Find each line of the entries with the string "Sleeve", please, and copy it.

[Short descriptive text snippets]
-=-=-

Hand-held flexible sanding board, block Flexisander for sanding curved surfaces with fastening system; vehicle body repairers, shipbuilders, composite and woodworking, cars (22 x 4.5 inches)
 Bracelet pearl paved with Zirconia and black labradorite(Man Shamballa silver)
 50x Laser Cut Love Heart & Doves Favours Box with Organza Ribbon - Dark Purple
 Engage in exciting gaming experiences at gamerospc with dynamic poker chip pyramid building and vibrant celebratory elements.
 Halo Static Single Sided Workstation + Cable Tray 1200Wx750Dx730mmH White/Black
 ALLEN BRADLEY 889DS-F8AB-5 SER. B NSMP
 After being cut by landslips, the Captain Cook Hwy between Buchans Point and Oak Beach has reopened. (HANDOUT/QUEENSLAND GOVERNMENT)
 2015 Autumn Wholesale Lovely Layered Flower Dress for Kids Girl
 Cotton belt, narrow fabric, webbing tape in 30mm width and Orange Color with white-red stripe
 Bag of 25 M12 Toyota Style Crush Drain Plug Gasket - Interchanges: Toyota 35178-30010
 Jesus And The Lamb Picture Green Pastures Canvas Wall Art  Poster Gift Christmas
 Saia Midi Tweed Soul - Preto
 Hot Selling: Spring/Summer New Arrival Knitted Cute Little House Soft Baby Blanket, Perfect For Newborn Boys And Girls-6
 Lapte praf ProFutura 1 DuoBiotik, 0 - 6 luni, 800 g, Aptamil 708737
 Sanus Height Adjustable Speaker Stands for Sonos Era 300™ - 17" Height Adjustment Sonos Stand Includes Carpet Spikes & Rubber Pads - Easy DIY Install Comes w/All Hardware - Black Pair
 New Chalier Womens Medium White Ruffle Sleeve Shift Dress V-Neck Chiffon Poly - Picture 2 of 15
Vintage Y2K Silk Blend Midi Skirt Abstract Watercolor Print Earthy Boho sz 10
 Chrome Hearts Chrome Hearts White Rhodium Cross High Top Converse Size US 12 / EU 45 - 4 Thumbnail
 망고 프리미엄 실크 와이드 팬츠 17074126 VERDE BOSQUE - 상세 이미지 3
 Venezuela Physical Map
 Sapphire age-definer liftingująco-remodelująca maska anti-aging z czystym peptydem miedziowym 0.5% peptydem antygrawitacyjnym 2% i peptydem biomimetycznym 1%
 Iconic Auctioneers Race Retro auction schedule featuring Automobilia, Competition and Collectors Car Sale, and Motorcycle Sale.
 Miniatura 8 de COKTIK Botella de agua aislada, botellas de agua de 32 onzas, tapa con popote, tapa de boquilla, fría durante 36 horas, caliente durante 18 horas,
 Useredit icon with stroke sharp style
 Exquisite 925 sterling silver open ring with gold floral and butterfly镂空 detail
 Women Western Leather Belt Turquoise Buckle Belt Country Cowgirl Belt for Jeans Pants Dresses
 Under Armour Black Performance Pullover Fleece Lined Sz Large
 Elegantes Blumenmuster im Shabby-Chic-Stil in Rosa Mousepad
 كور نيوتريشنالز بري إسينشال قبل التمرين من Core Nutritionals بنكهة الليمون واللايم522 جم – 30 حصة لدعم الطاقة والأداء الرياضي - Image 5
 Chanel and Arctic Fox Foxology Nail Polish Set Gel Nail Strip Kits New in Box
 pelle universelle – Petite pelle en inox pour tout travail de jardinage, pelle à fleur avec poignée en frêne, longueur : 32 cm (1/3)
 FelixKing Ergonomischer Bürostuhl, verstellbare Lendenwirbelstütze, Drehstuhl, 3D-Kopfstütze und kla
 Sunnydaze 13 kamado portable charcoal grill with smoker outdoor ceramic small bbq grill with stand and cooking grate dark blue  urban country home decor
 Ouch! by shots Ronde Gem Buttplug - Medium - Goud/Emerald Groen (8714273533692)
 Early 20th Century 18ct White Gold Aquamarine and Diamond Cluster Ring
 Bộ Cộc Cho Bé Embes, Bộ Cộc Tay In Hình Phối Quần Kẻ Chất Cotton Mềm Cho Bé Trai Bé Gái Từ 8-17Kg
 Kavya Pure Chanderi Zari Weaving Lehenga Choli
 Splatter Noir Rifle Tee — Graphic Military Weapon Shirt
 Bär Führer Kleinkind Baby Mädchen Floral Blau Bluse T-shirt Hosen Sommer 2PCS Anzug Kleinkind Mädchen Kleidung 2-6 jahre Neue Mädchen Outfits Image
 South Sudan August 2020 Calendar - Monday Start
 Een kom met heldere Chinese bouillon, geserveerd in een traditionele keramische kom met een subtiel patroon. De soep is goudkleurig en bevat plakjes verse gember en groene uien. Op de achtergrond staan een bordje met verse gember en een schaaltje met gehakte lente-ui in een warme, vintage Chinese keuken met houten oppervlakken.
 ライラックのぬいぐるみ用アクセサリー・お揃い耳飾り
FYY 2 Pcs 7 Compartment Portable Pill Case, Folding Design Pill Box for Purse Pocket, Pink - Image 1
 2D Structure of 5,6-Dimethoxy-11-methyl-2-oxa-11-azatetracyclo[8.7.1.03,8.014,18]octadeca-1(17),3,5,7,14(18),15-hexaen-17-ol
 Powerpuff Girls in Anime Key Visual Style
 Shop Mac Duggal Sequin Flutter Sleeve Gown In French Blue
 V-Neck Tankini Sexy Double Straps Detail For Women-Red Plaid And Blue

-=-=-

__Response__:
 New Chalier Womens Medium White Ruffle Sleeve Shift Dress V-Neck Chiffon Poly - Picture 2 of 15
 Shop Mac Duggal Sequin Flutter Sleeve Gown In French Blue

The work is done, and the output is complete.